Begin at the tip of a casuarina “needle” and follow it back. The needle-like structure is green, thus capable of undergoing photosynthesis to produce sugars for the plant. A green stem may end at another green stem, or at a slightly larger reddish-brown stem. At the next level is an even larger, slightly red stem. Stems as large as four inches in diameter are covered with flaky, gray-brown bark. On larger trees, the trunk — sometimes two to three feet in diameter — is nearly smooth and mottled with red and gray-brown bark. 

The joints where the vestigial tooth-like leaves emerge to ring the green needle-like stems are obvious. Horizontal lines marking the joints are often still evident on stems two inches or more in diameter, giving stem surfaces an interesting texture. These joints remain active areas for potential stem development, giving the casuarina the ability to make a comeback from the stump of a damaged tree. Many casuarinas that were snapped off in the 2004 hurricanes are already showing a flush of new growth, testament to this tree’s resilience.

In addition to re-sprouting after disaster, the seeds of casuarinas are borne in brown, cone-like fruits that are readily carried by wind and waves. Seeds of beach she-oak are tolerant of saltwater, and hurricanes actually help to spread this casuarina to new areas.
In its native Australia, the hardy casuarina is used for lumber. It provides shade in a hot environment and wind blowing through its green stems hums much the same as wind blowing through the needles of pines. The casuarina is tolerant of salt spray and some fire. It readily recovers from damage or pruning and can be shaped as desired, even grown as a hedge.

So what is there not to love about this tree from the land Down Under? Plenty.

Because of its salt tolerance, easily dispersed seeds, and ability to send up new shoots from roots, casuarina can rapidly invade disturbed habitats. Once established, it out-competes native plants. A grove of casuarinas often has almost no other plant life growing beneath the trees. This may be a function of the dense layer of casuarina “needles” that accumulates, but it may also be due to chemicals produced by the tree that inhibit the growth of other plants. Isolated casuarinas often have some other plants growing near them, including native vines, such as Virginia creeper, and exotic weeds, like the poisonous rosary pea.

Australian pines have little value for wildlife, except for occasionally being tapped by wintering yellow-bellied sapsuckers and serving as perches for ospreys and other hawks. Indeed, they have negative value. Their branching pattern does not provide good nesting sites for most birds; their fruit is not a good source of food for wildlife; and in coastal areas, their shallow roots extending onto beaches can become a death trap for sea turtles attempting to dig nests beneath them.
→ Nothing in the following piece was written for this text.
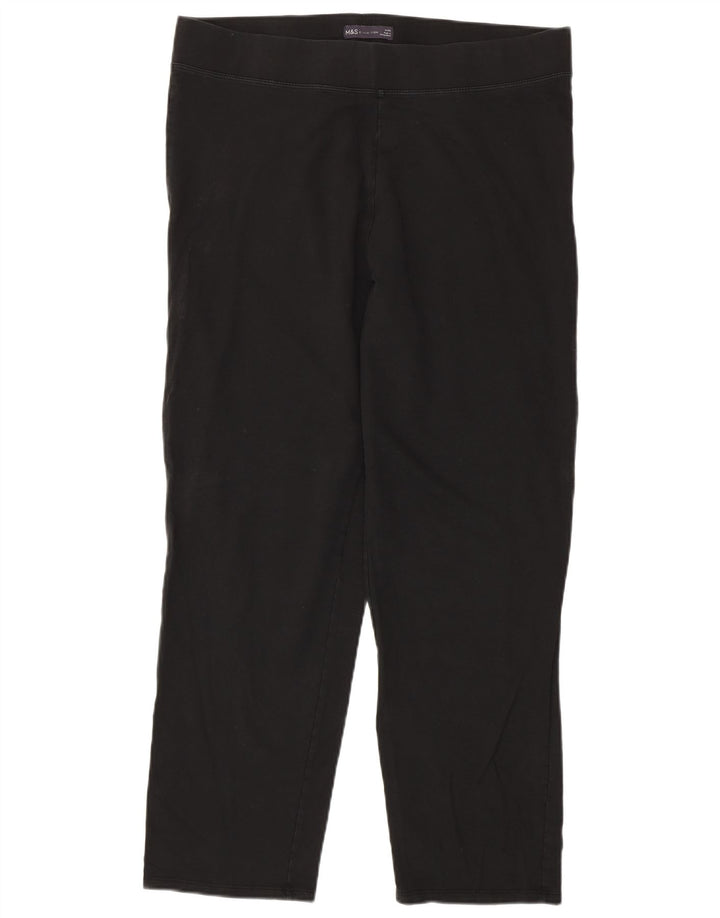 MARKS & SPENCER Damen Leggings UK 18 XL Schwarz Baumwolle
Historically, casuarinas were often planted in this region to stabilize canal banks and beaches before it was realized that they out-compete native sea oats and other plants, which perform a much better job at stabilizing sandy soils. Casuarinas also were planted as a windbreak because they are rapid growers that can reach nearly 100 feet in height. Regardless, they can also snap easier than shorter, stouter native trees, as evidenced on Sanibel Island during the 2004 hurricane season.

As with other exotic plants, casuarina has few natural enemies in North America. One interesting pest is the casuarina spittlebug, so named because the insect produces enough of a frothy, spit-like liquid that it can hide inside as it feeds on the casuarina sap near the bases of the needle-like stems. If a spittlebug is removed from its “spittle,” it will produce more to build a new hiding place. For the tree, however, the spittlebug is little more than a nuisance that doesn’t slow this tree’s pace of invasion.

Because the casuarina is so detrimental to the environment, it is officially listed in Florida and elsewhere as an undesirable invasive exotic that should be removed wherever possible and is prohibited from being planted. At this point, eradication is a formidable task. Thousands of seeds each year can be released by a single tree to waves and winds — seeds that drift well beyond city streets and manicured yards.